I admire Jackson’s insistence on live music where possible; if she doesn’t have an orchestra she has at least Elliott Perks and Tom Ellis. They arranged Robert Schumann’s Märchenbilder for viola and guitar which they play on stage for Essakow’s Cut Out and they perform for the audience in between works. It’s a shame they cannot be used more as the sound and texture of live music brings out the quality of dance steps while the dynamics of music and choreography can have a living conversation. Indeed, Essakow intended the four movements of Schumann’s music to form a series of choreographic conversations and in Aldred he has an artist who is eloquent. She has a strong technique, steely but soft pointe work and above all eyes and gesture that communicate not only with the music but with the audience. It is as if she is at a gathering with four friends; they chat together but the music draws her away to converse with her inspiration, the unseen Schumann. Essakow creates a sense of intimate space and Louie Whitemore’s black brocade bodices suggest a nineteenth century period style.

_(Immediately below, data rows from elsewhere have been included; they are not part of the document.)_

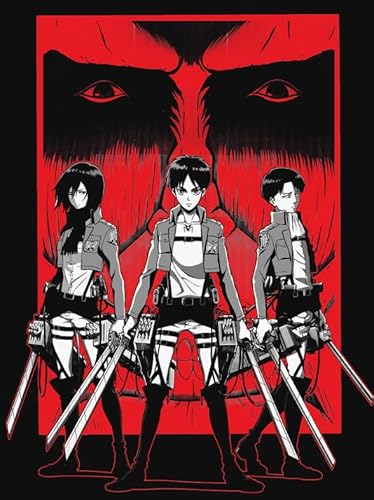 Puzzle 1000 Teile, Japanisches Anime-Poster „Eren.Jaeger“, lustiges Puzzlespielzeug für Erwachsene, Xy171Qw, 70 x 50 cm von VRYOP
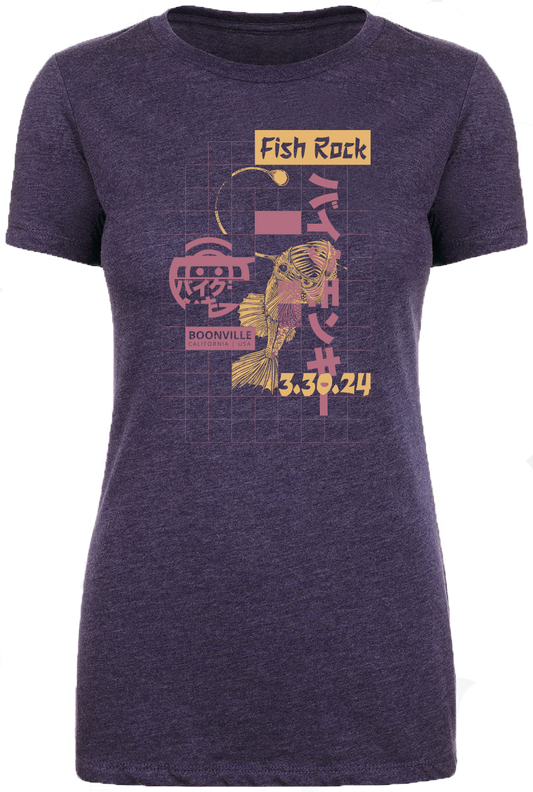 Fish Rock Don't Anger The Angler T-shirt - Women's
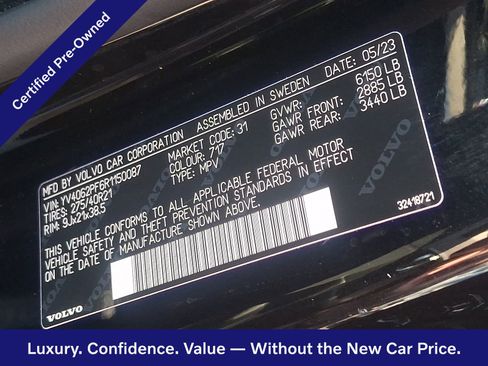 Certified 2024 Volvo XC90 B6 Ultimate w/ Protection Package Premier AWD/4WD image 29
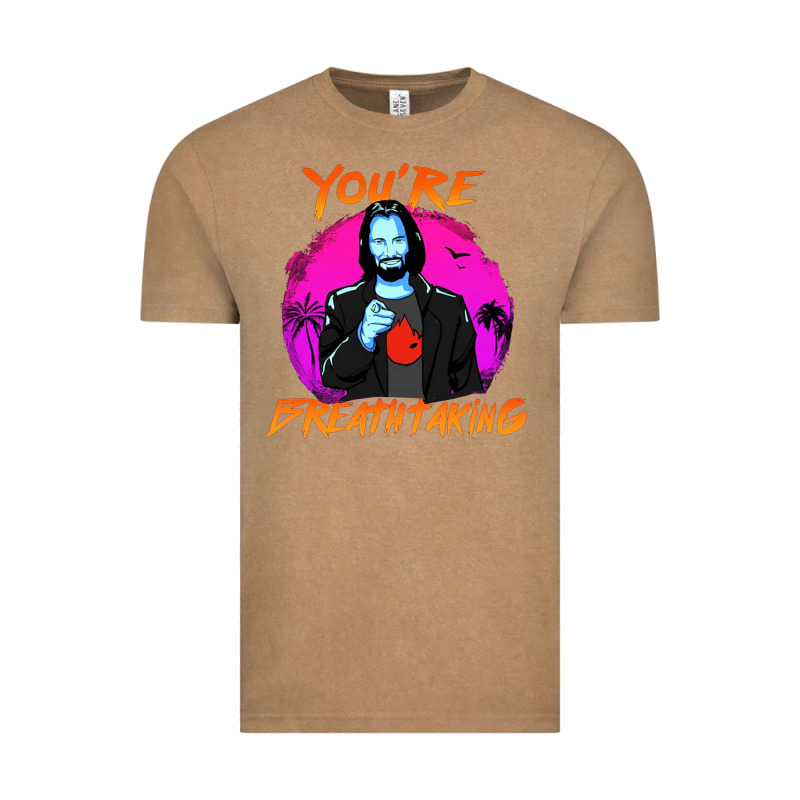 You Are Breathtaking Keanu Reeves Actor Vintage Tee by artisFamous | Teevron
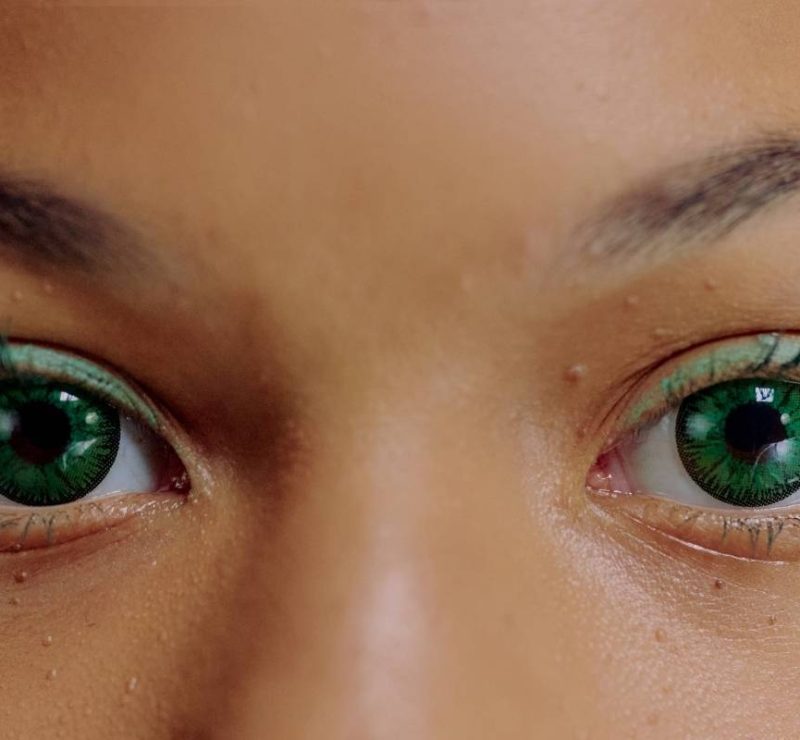 Lenti a contatto colorate graduate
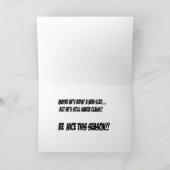 De Kerstkaart van de Slee van de kerstman Feestdagen Kaart (Binnen)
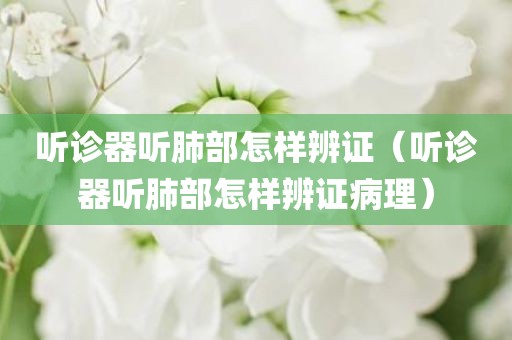 听诊器听肺部怎样辨证（听诊器听肺部怎样辨证病理）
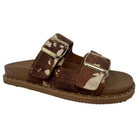 Women's Very G Light Tan Alma Cow Print Sandals VGSA0488-250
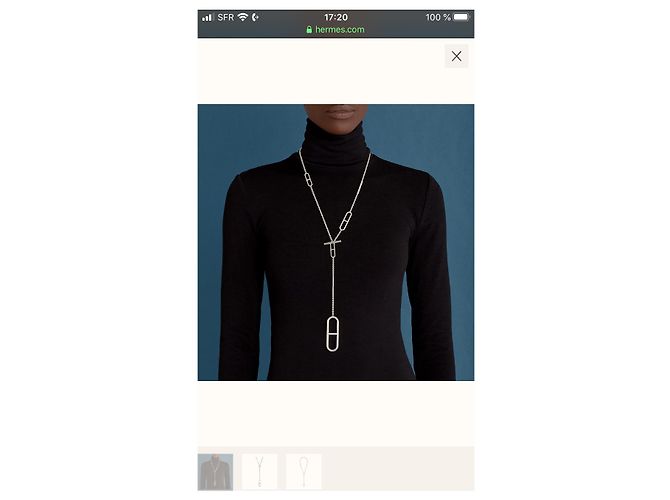 Autre Marque Hermes Ever long chain Catena per ancora - vista 5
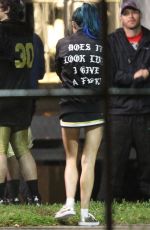 BELLA THORNE on the Set of Assassination Nation in New Orleans 03/o8/2017
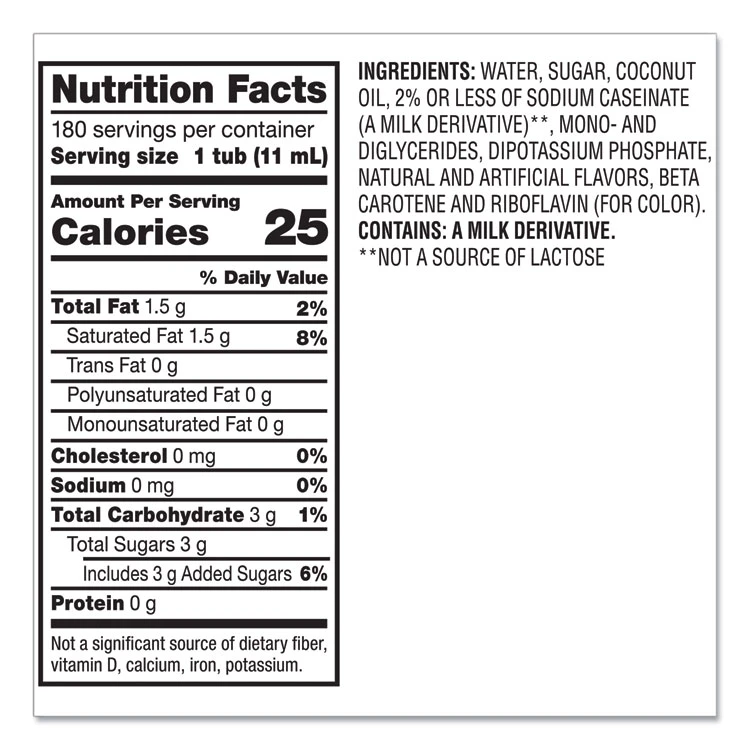 Liquid Coffee Creamer, French Vanilla, 0.38 Oz Mini Cups, 180/Carton - Image 3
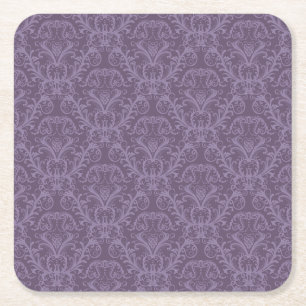 Dessous De Verre Carré Papier peint pourpre de luxe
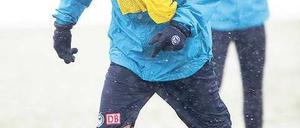 Der Frosttrotzer. Zum ersten Mal seit mehr als drei Jahren trainiert Andreas Neuendorf wieder mit Herthas Profis. 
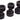 Alphacool HT 13mm HardTube compression fitting G1/4 for plexi- brass tubes (rigid or hard tubes) - knurled - deep black sixpack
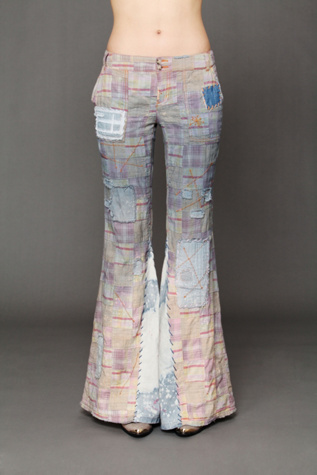 Denim Patch Plaid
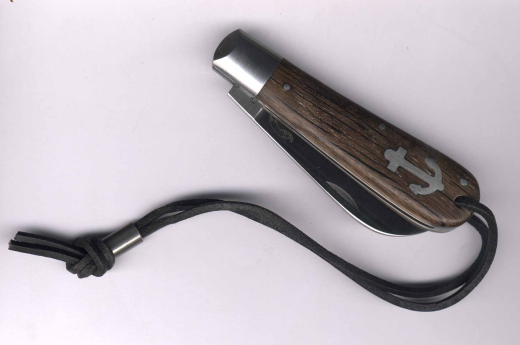 Otter Ankermesser Räuchereiche 172LB groß Carbon Lederband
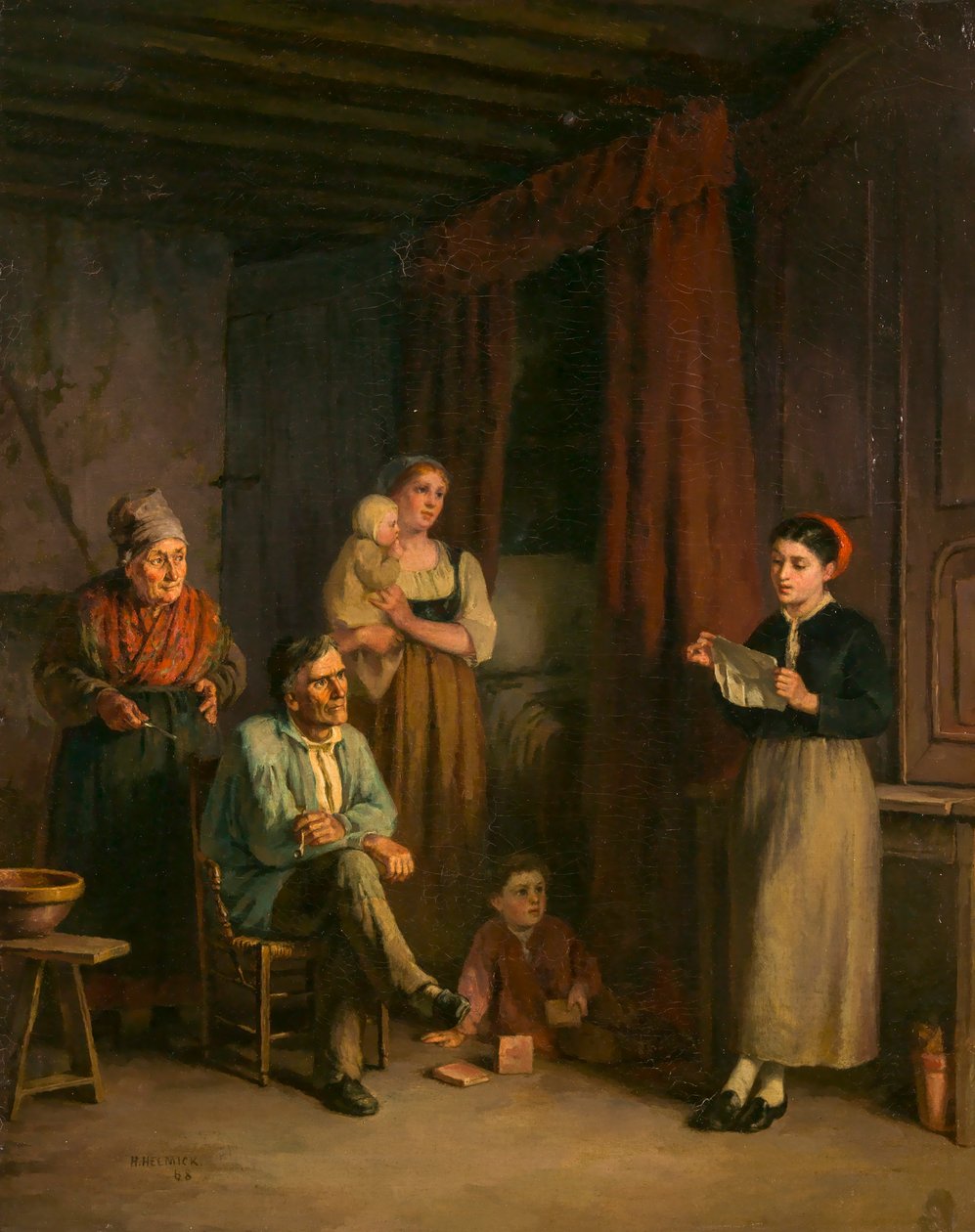 The Emigrant's Letter by Howard Helmick: Buy fine art prints
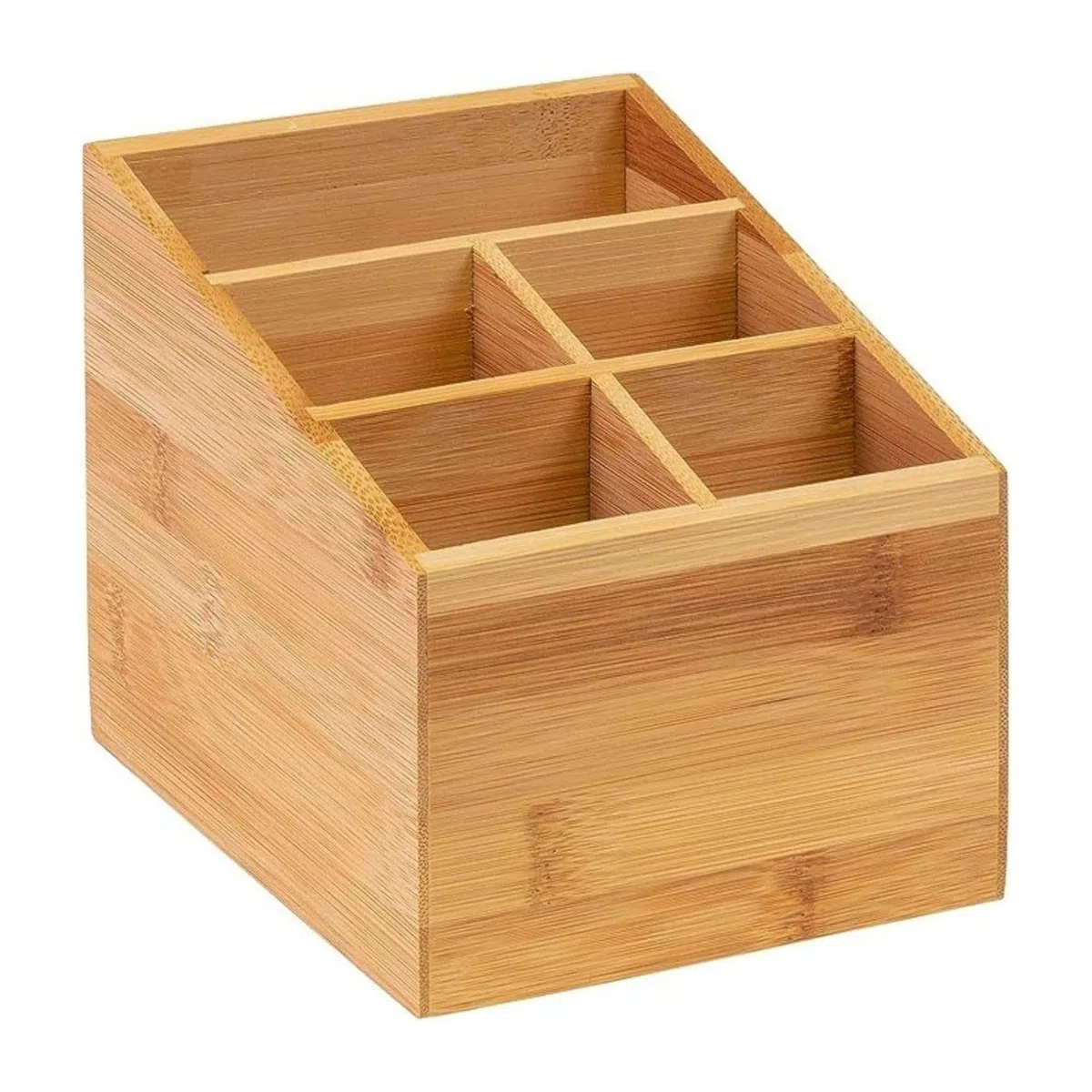 Westmark Organizador de cocina/mesa, 5 Compartimentos, Dimensiones: 13 x 13,5 x 16 cm, Bambú, Tapas + Friends, Marrón claro, 69842270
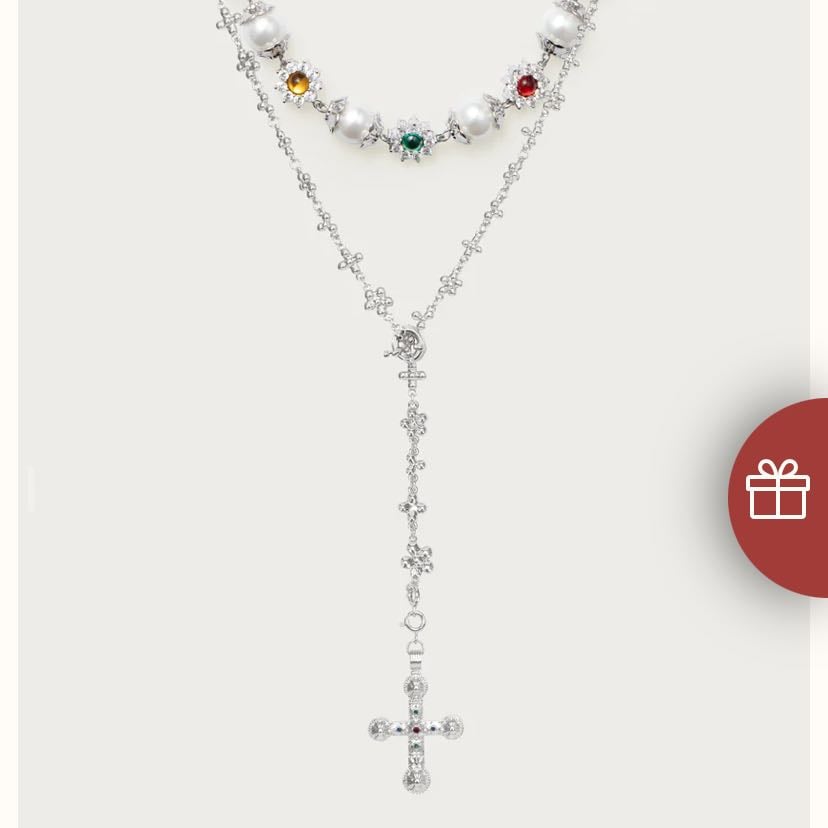 Colliers croix argent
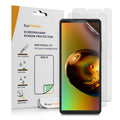 kwmobile 3x Folie matt kompatibel mit Sony Xperia 10 VI - Displayschutzfolie Schutzfolie - Displayschutz Displayfolie entspiegelt Matt Transparent  
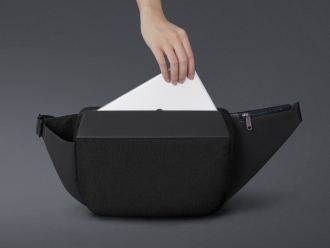 Изображение №10 | Антикражная сумка-слинг Snapsling (серый)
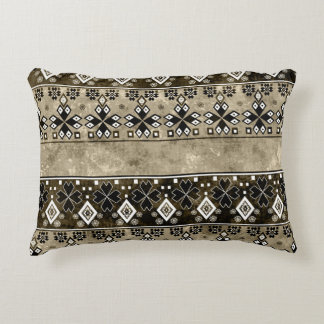 Ethnic Boho Grunge: Colourful Pattern Decorative Cushion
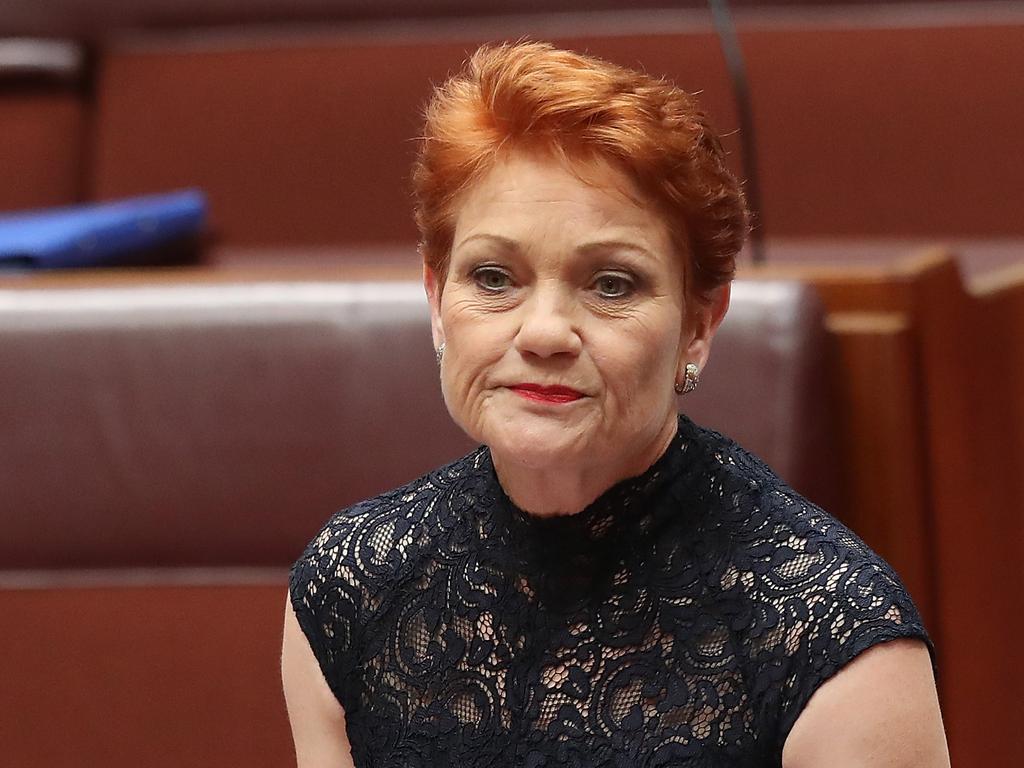 One Nation leader Pauline Hanson. Picture: Kym Smith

If Aldred takes her place in the room, Heery is noticeable by her natural reticence; she has the lyricism of a dreamer. In Montes’ Sonata in Colour to the music of Florence Price, Heery is like a lost girl remembering; Montes invests his choreography with an ethereal sense that reaches back to classical ballet but finds in Heery an interpreter whose quality of gesture is very much in the present.
Malcomson takes an idiosyncratic, somewhat irreverent approach to classical dance that brings out the idiosyncracies and irreverence of the entire cast. Her Red Queen Brouhaha references Lewis Caroll’s Alice in Wonderland and uses some of Joby Talbot’s score for Christopher Wheeldon’s ballet of the same name. There are lots of jam tarts, a croquet waltz, outraged screams and Orton coming into her own as Alice looking through both ends of an imaginary looking glass. Gatti and Higgins both find their comic form here as Malcomson proves her value as a catalyst in bringing diverse personalities together in a riotous whole.
Runacre-Temple’s Mozart’s Women: The Kingdom of Back uses extracts of Mozart’s music and recorded readings of his letters to his sister Nanneral (Aldred), his muse Aloysia Weber (Heery) and her sister, Constanze (Gatti), who became Mozart’s wife. It’s a piece that cries out for powdered wigs and voluminous dresses to evoke the texture of these women and to connect their play of gesture to the music but in its current form, under Andrew Ellis’s islands of light, it is a refined miniature that pays equal tribute to the women portrayed and to those who portray them.
The evening ends as it began with the music of Schumann, the two final movements of Essakow’s Cut Out, one for the ensemble and one that provides a parting solo for Heery.